╭─ Dataset excerpt
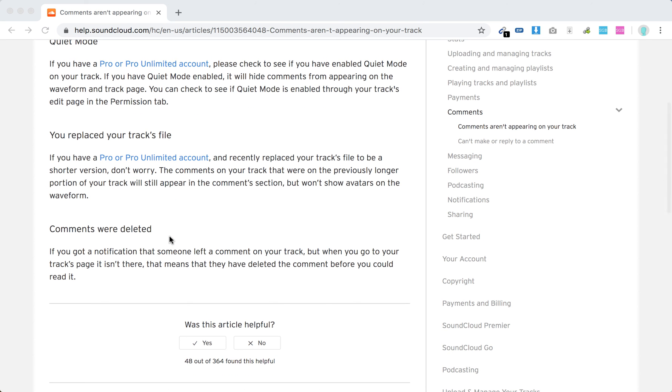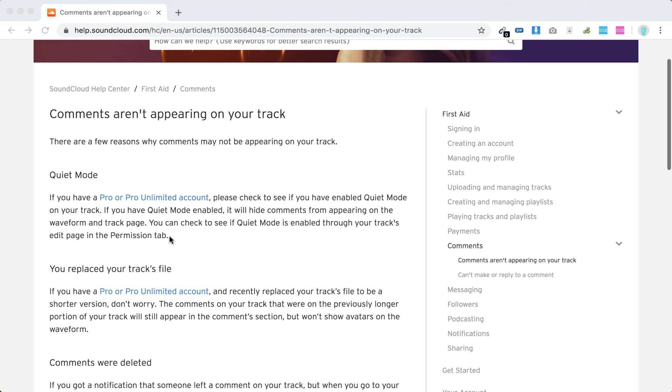And then probably someone just deleted comments. So if you got a notification that someone left a comment on your track, but when you go to your track's page it isn't there, they probably just deleted the comment before you could read it.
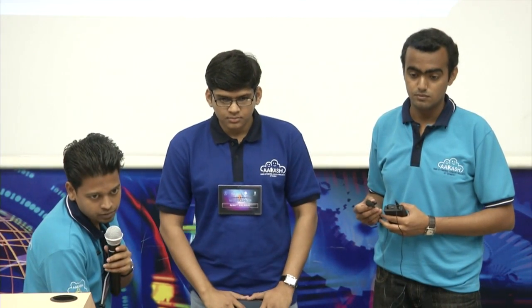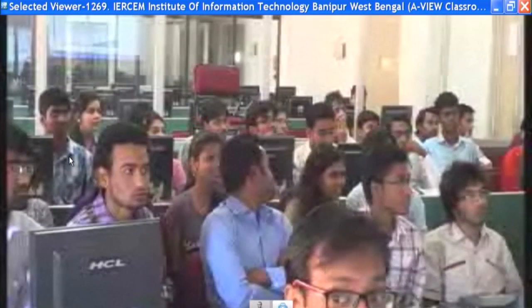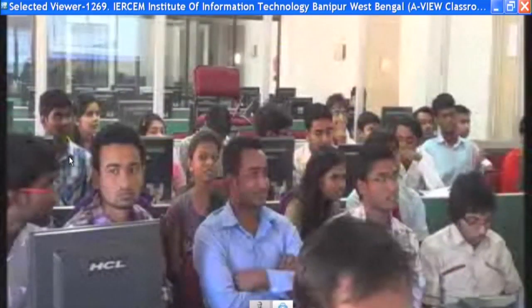There is a QA session for 15 minutes, so you can raise your hand and ask questions to presenters. From IER CEM Institute: What is the meaning of semaphore in IPC mechanism?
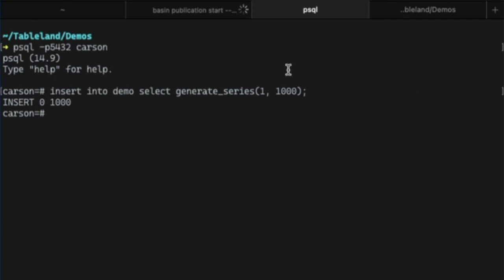These updates are automatically pushed to the Basin provider, and they're bundled up and stored on Filecoin for verifiable storage.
╰─
#### Aim of the exercise:
Only those lines from the one containing "There is a QA" to the end of the material above, retyped exactly and without pictures, belong in your reply.

#### Reply:
There is a QA session for 15 minutes, so you can raise your hand and ask questions to presenters. From IER CEM Institute: What is the meaning of semaphore in IPC mechanism?
These updates are automatically pushed to the Basin provider, and they're bundled up and stored on Filecoin for verifiable storage.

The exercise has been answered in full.